1.3.1.3.  Integration with BGP-MVPN

   For each VPN, the Source Active routes distribution in that VPN do
   not have to involve PEs at all (unless there are sources/receivers
   directly connected to some PEs) and they are independent of MVPN SA
   routes.  For example, FHRs and LHRs establish BGP sessions with RRs
   of that particular VPN for the purpose of SA distribution.

   After source discovery, BGP multicast signaling is done from LHRs
   towards the sources.  When the signaling reaches an egress PE, BGP-
   MVPN signaling takes over, as if a PIM (S,G) join was received on the
   PE-CE interface.  When the BGP-MVPN signaling reaches the ingress PE,
   BGP multicast signaling as specified in this document takes over,
   similar to how BGP-MVPN triggers PIM (S,G) join on PE-CE interfaces.

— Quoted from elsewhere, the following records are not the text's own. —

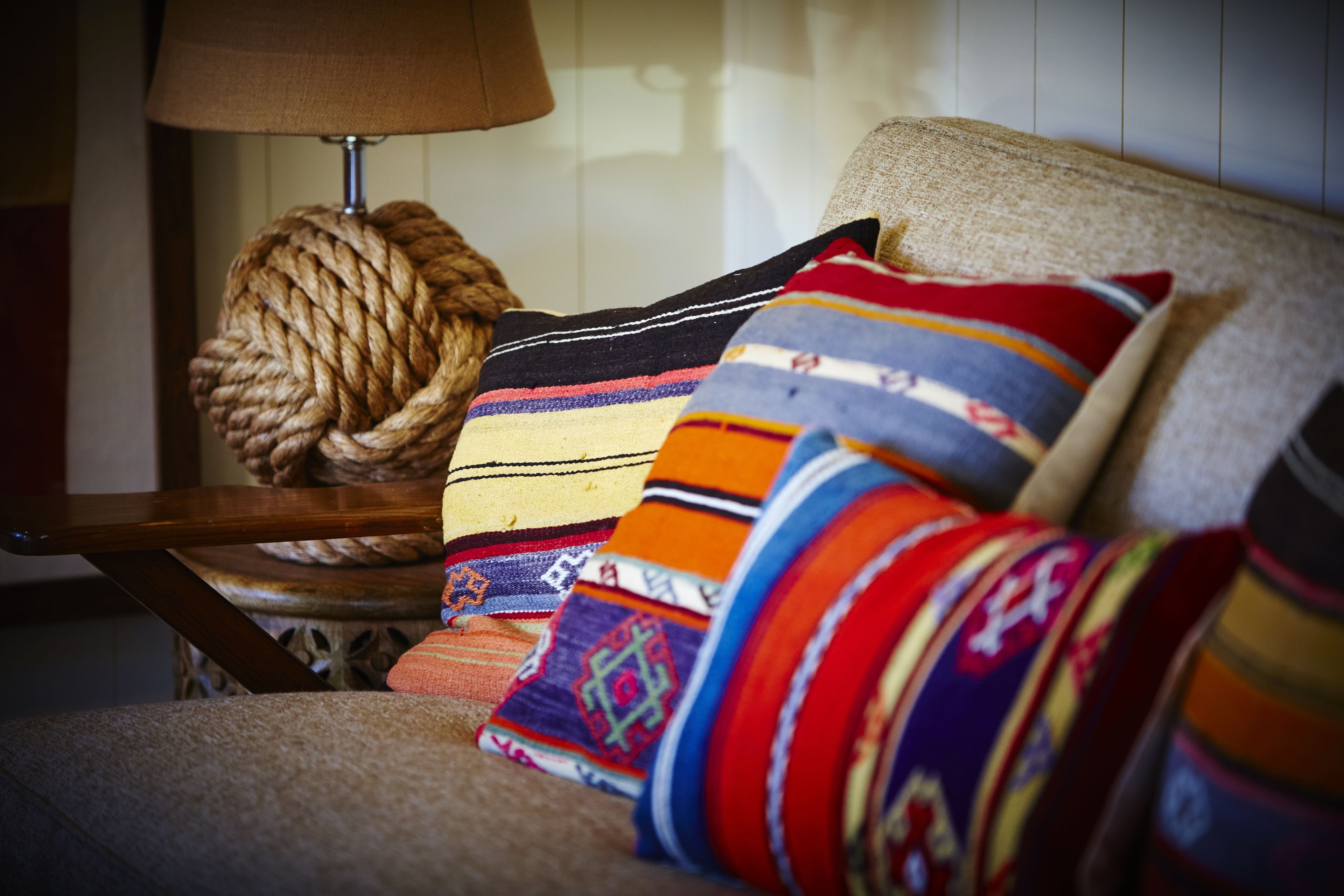 A chair with a woven ball and colorful pillows.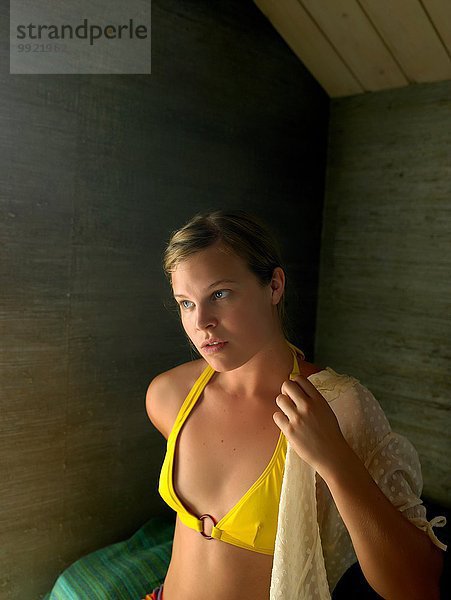 Porträt einer jungen Frau  die eine Bluse über dem Bikini trägt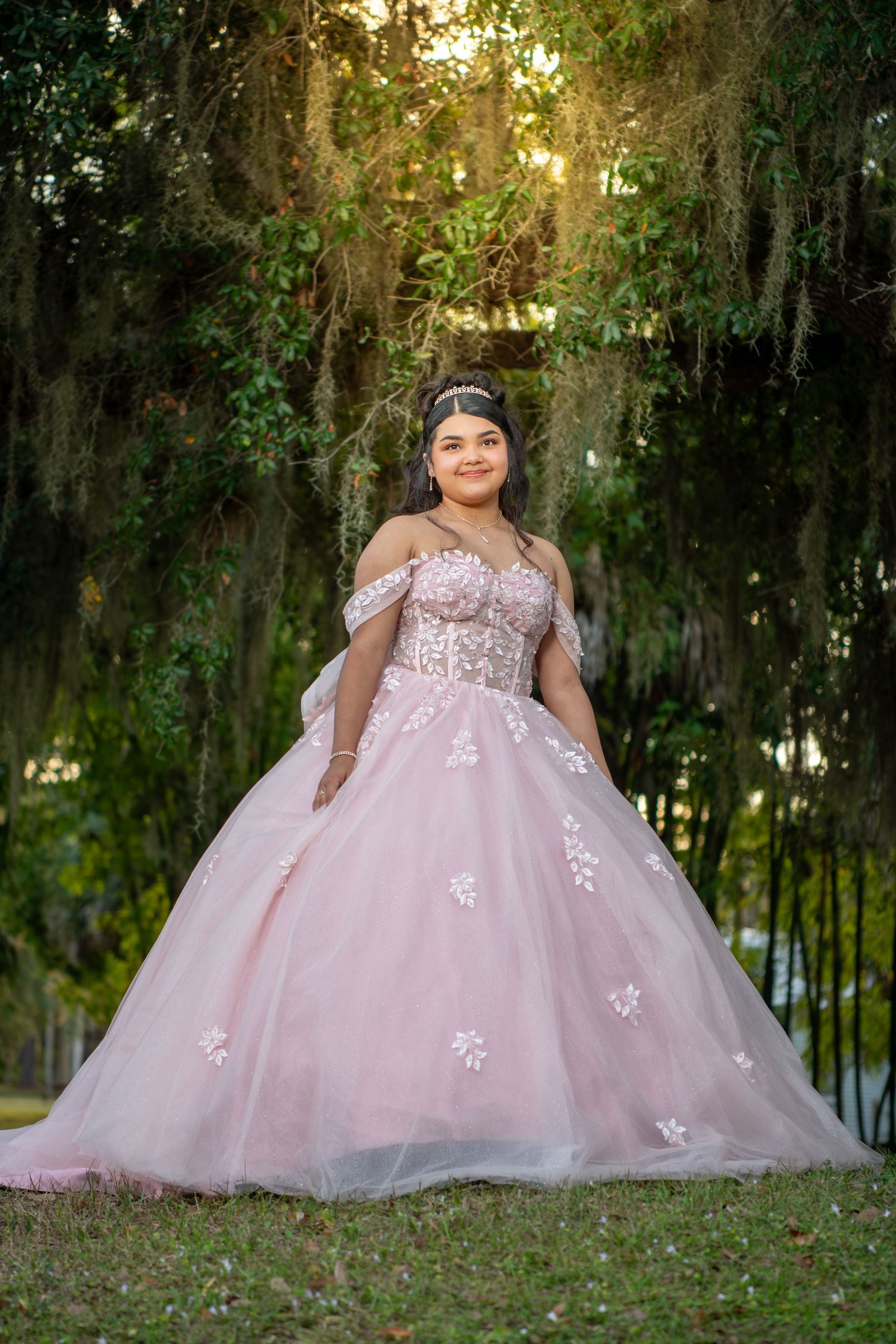 A pink princess ball gown with lace details photographed in a mossy garden setting.Quinceañera photos.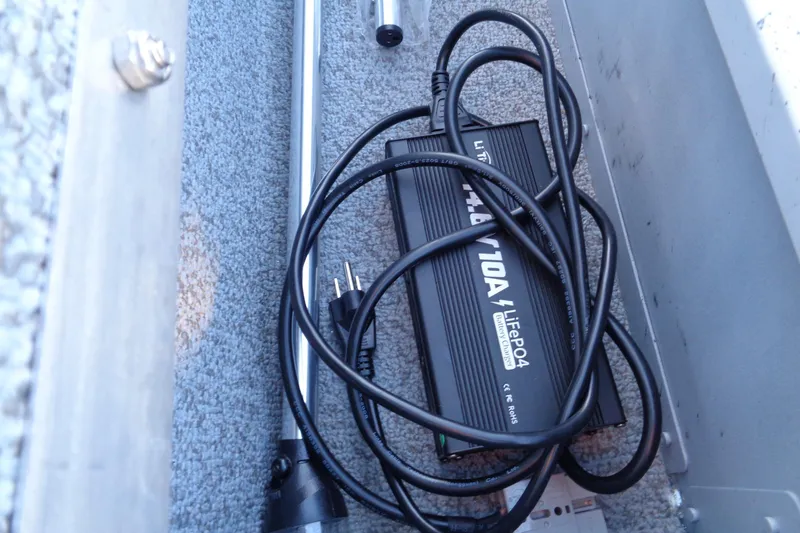 Slide: The Image of Battery charger and cables inside 2024 Lund 1400 Fury Tiller boat compartment. - 20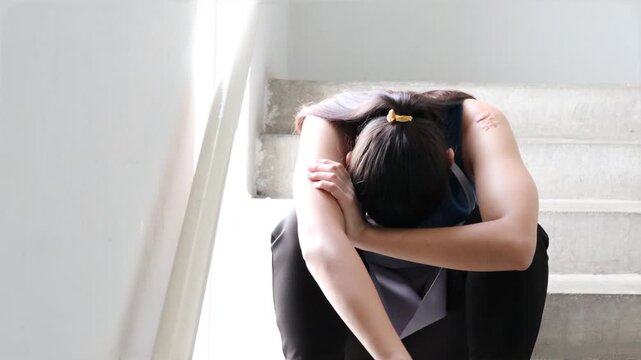 Low wage housekeeping maid in despair, head down and sighing on indoor stairwell, concept of sadness and struggling to earn money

1.3.2.  BGP Inband Signaling for mLDP Tunnels

   Part of an (or the whole) mLDP tunnel can also be signaled via BGP
   and seamlessly integrated with the rest of mLDP tunnel signaled
   natively via mLDP.  All the procedures are similar to mLDP except
   that the signaling is done via BGP.  The mLDP FEC is encoded in the
   BGP NLRI, with MCAST-TREE SAFI and S-PMSI/Leaf A-D Routes for mLDP
   defined in this document.  The Leaf A-D routes correspond to mLDP
   Label Mapping messages and the S-PMSI A-D routes are used to signal
   upstream FEC for MP2MP mLDP tunnels, similar to the bidirectional
   (*,G) case.

1.3.3.  BGP Sessions

   In order for two BGP speakers to exchange MCAST-TREE NLRI, they MUST
   use BGP Capabilities Advertisement [RFC5492] to ensure that they both
   are capable of properly processing the MCAST-TREE NLRI.  This is done
   as specified in [RFC4760], by using a capability code 1
   (multiprotocol BGP) with an AFI of IPv4 (1) or IPv6 (2) and a SAFI of
   MCAST-TREE (78).

   How the BGP peer sessions are provisioned, whether EBGP or IBGP,
   whether statically, automatically, or programmably via an external
   controller, is outside the scope of this document.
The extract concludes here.